O perigo dos bens materiais

william_macdonald.jpg     “Guarda-te para que te não esqueças do Senhor teu Deus … [quando] se multiplicar tudo quanto tens” (Deut. 8:11, 13).

     Como regra geral, o povo de Deus não consegue manter o nível espiritual na prosperidade material. Floresce muito melhor com a adversidade.
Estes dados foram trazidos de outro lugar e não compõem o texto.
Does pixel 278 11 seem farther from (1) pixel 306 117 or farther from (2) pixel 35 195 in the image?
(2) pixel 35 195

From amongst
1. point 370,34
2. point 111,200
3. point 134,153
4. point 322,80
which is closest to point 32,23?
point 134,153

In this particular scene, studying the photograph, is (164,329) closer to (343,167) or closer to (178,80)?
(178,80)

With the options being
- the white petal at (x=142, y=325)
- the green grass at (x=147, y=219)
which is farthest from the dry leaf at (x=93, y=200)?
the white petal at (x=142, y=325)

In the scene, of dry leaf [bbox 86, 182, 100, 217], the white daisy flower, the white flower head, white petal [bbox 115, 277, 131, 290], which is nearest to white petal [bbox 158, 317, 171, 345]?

Na sua canção de despedida, Moisés predisse que a prosperidade de Israel arruiná-los-ia espiritualmente: "E, engordando-se Jesurum, deu coices; engordaste-te, engrossaste-te, e de gordura te cobriste: e deixou a Deus, que o fez, e desprezou a Rocha de sua salvação"(Dt 32:15).
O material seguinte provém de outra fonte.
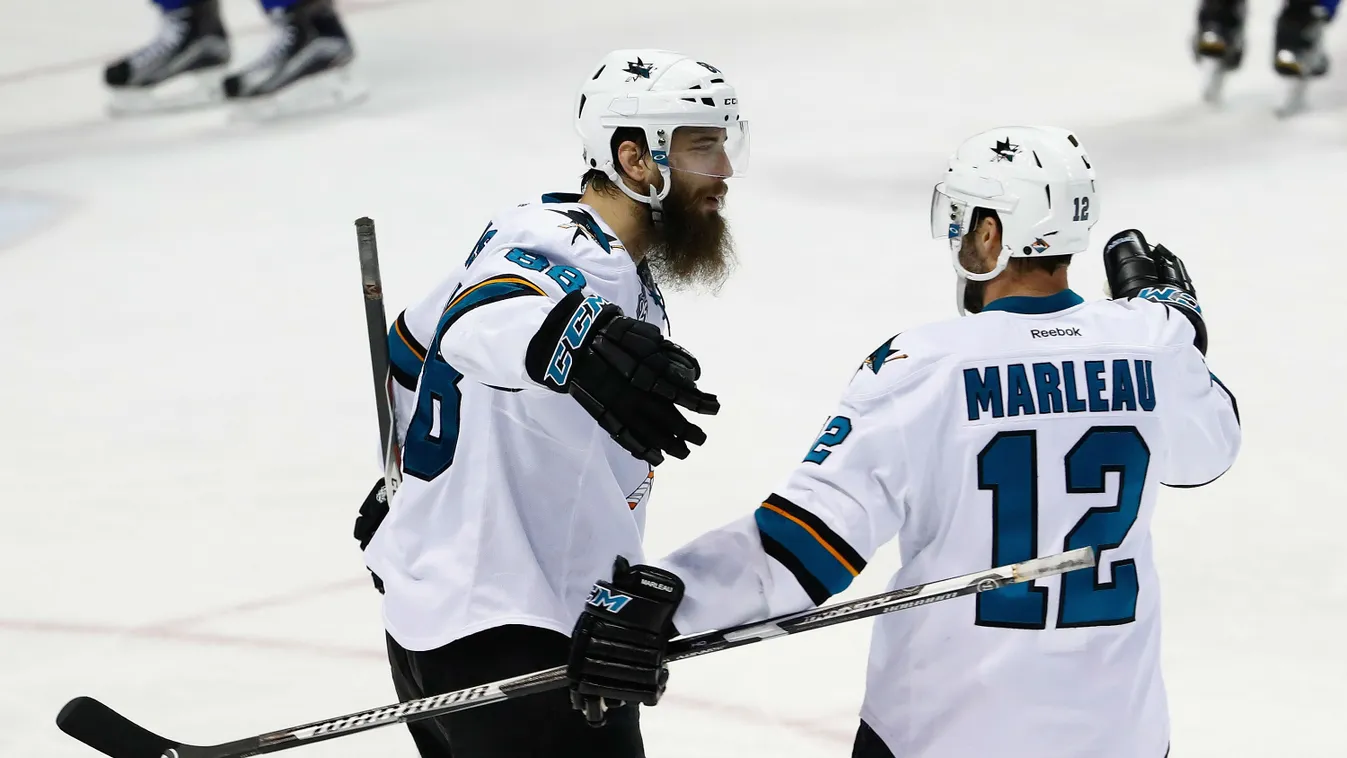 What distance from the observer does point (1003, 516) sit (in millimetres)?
2090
     A profecia cumpriu-se nos dias de Jeremias, quando o Senhor se queixou, "... depois de Eu os ter fartado, adulteraram, e em casa de meretrizes se ajuntaram em bandos" (Jeremias 5:7).
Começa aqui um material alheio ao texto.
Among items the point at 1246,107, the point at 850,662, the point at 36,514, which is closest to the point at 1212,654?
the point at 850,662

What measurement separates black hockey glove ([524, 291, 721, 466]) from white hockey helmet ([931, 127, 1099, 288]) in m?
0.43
     Além disso lemos em Oseias 13:6, "Depois eles se fartaram em proporção do seu pasto; estando fartos, ensoberbeceu-se o seu coração, por isso se esqueceram de Mim".

     Após retornarem do exílio, os levitas confessaram que Israel não tinha respondido adequadamente a tudo o que o Senhor havia feito por eles: "... e comeram e se fartaram e engordaram, e viveram em delícias, pela Tua grande bondade. Porém se obstinaram, e se revoltaram contra Ti, e lançaram a Tua lei para trás das suas costas, e mataram os Teus profetas, que protestavam contra eles, para que voltassem para Ti; assim fizeram grandes abominações"(Neemias 9:25b, 26).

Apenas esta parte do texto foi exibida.